__GOAL OF THE EXERCISE__.
Output should begin at the line holding "Gray Steel 10-Pocket" and end at the last line of the entries; print those lines verbatim and no others.

[Data entries]
○ ○ ○ ○ ○ ○ ○

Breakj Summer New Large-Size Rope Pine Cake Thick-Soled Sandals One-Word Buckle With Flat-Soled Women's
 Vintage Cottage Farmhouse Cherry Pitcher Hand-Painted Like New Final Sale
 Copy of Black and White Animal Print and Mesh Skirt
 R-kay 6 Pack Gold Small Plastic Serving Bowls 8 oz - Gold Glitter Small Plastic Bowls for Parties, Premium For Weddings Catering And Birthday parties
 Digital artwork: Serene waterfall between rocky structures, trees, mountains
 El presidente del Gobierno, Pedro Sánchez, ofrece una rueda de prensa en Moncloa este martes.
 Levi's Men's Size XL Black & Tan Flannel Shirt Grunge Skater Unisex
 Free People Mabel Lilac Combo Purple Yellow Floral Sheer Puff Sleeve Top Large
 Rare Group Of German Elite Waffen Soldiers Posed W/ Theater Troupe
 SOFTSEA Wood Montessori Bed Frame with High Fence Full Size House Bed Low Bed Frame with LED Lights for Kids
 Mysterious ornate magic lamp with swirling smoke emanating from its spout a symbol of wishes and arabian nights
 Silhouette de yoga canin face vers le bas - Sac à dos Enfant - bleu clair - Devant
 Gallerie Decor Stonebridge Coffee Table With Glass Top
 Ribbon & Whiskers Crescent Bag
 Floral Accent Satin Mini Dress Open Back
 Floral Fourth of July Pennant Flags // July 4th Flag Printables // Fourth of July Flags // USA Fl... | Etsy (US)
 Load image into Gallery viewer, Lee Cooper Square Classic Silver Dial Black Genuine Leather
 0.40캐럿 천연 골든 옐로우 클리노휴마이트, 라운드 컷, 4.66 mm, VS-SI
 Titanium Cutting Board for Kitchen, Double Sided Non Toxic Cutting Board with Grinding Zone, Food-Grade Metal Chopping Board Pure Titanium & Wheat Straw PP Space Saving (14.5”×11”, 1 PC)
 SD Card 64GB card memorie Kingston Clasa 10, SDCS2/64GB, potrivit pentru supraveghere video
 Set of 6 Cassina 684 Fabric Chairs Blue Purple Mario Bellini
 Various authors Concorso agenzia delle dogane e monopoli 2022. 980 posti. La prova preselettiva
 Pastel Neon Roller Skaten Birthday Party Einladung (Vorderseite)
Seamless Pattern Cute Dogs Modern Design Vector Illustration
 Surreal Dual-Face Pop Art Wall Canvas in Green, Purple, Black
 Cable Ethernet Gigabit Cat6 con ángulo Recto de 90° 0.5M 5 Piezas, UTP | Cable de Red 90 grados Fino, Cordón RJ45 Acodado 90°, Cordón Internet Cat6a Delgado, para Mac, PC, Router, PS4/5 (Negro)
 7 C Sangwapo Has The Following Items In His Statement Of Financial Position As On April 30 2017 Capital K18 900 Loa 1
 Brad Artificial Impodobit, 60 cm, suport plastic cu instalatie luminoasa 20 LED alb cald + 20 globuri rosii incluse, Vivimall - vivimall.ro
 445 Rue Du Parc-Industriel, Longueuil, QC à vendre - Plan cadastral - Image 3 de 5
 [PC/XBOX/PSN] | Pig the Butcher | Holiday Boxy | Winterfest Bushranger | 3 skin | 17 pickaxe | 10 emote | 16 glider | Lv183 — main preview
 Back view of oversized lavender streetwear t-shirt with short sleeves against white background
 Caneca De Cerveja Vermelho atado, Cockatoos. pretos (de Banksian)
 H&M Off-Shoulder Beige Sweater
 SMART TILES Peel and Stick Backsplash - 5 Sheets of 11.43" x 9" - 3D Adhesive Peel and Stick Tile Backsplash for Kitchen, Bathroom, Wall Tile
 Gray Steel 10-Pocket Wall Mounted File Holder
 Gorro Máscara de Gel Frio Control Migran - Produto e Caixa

○ ○ ○ ○ ○ ○ ○

__WRITTEN REPLY__.
 Gray Steel 10-Pocket Wall Mounted File Holder
 Gorro Máscara de Gel Frio Control Migran - Produto e Caixa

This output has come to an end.